I used to work at an electronics retailer. They were more customer service oriented than others so I was never pressured to lie (not that it didn't happen in the store, but it was never important in my department because in camera sales the target demographic is women and they said high pressure sales tactics with women make them never come back). I went for the job to force myself to get better at dealing with people and I figured a job talking to strangers all day would do the trick. It turned out to be a wonderful experience for me. I sold cameras and it quickly became a special Interest of mine. So for 4 years I got paid to talk to people about one of my special interests all day. I also have some obsessive compulsive tendencies about cleanliness and order so I was constantly cleaning and organizing the department. So I quickly became the store example of product knowledge and departmental maintenance so management loved me.
 
I was very good at sales, on average about three times higher sales than the target. BUT I struggled badly with my conscience because I knew that the people didnt really want what I was selling, they just didnt say no, so I had them signed up and ready to go before they could vito. Didnt last long in that job.
 
In the book Asperger's on the Job, the author mentions Temple Grandin talking about selling copies of one of her books to people in a store and arguing that aspies can actually make good salespeople in certain situations (I don't have the book handy right now).
 
Depends on what is actually mean by "sales". Manipulating people into buying something they may not want or need, no that's not something I'm good at. However give me a product that I have such faith in that I believe it can sell itself, sure.
 
Depends on what is actually mean by "sales". Manipulating people into buying something they may not want or need, no that's not something I'm good at. However give me a product that I have such faith in that I believe it can sell itself, sure.

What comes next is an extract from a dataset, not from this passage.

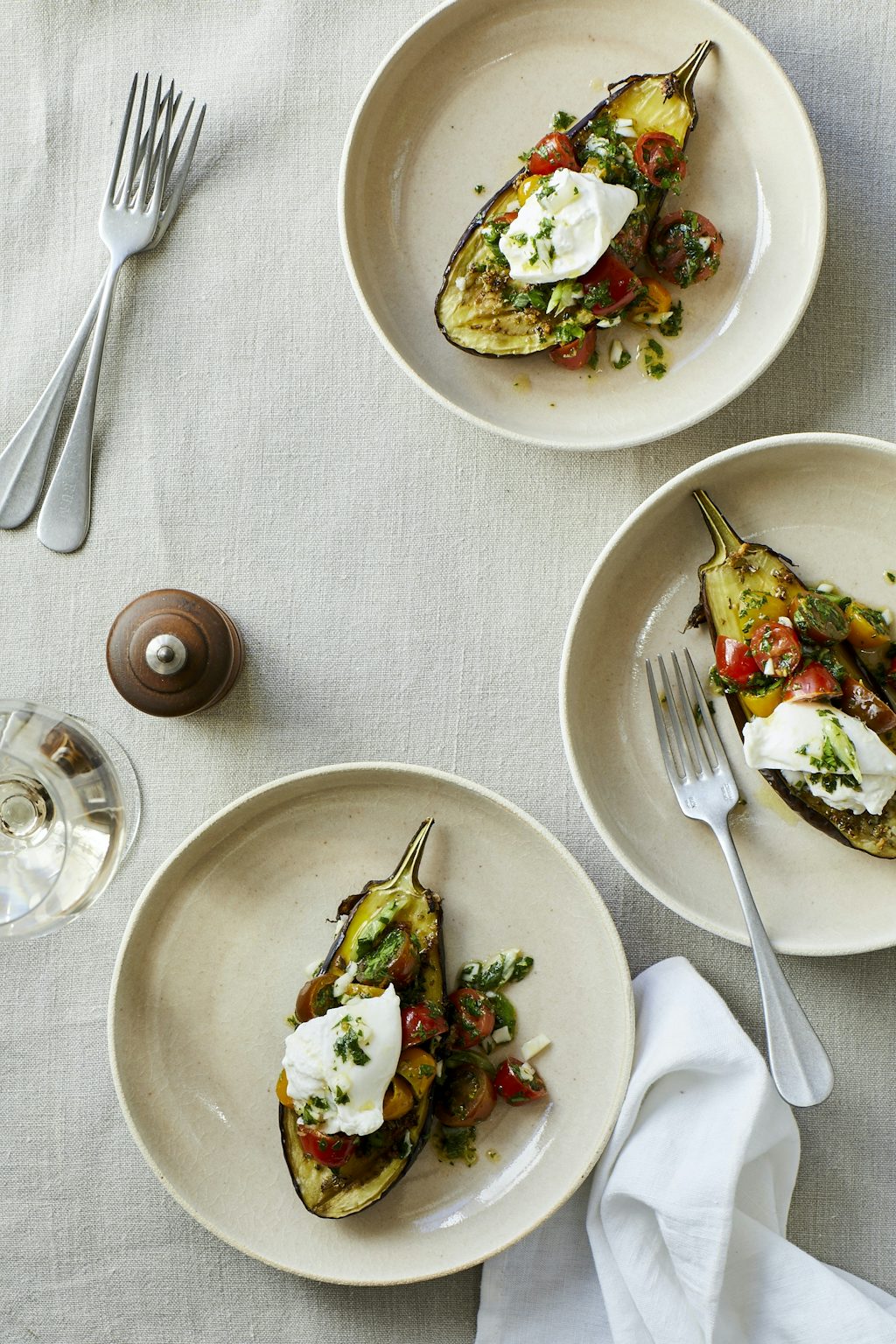 Grillede-Auberginer-med-tomater-og-burrata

Exactly my issue with "selling" something. I worked for a callcenter where I had to phone people and try to sell them "green" energy. If the entire deal was true I wouldn't mind selling (or at least trying to sell) people a more environment friendly alternative to their electricity.

The truth however was; it was not green, it was the same energy as anywhere else, just "sold" as green, since media reports were overflowing with reports acquisition of all kind of sites for coal power by said company. I even had to lie about the location I was calling from. Not to mention that I had to do a background check to see what their average power consumption was (based on a 2 adults, 2 children household). So I couldn't justify all the lies I was telling them at all.

Perhaps the added fact that I'm not good at telling a lie didn't help me either.

And of course, I would really need to support a product am I willing to sell it. But it's probably so far that I'd only be willing to sell something my own company would produce. Supporting something that's not mine... I just can't get behind that for the full 100%
 
(Poses in front of camera)

If I find a product I love, I would go all the way to make sure the product I want to sell is a success.
 
I really sucked at sales. Much of it was done face to face and involved showing a customer special treatment or a good time. Hell I didnt even know how to entertain myself, let alone anyone else. So much eye and body contact and personal conversation. It was all before, I knew about my Aspergers. So only recently understood why I was so bad at it. When sales come down to how much a customer likes u, well do I need to explain further
 
Interesting. I have worked in sales, in music which is an obsession of mine. I was honest, and hated selling stuff that wasn't the right thing but was more expensive etc. Only happened once actually, when my boss told me to sell something I normally wouldn't have (as it wasn't as good and more expensive!). I didn't like doing that at all, and never did it again.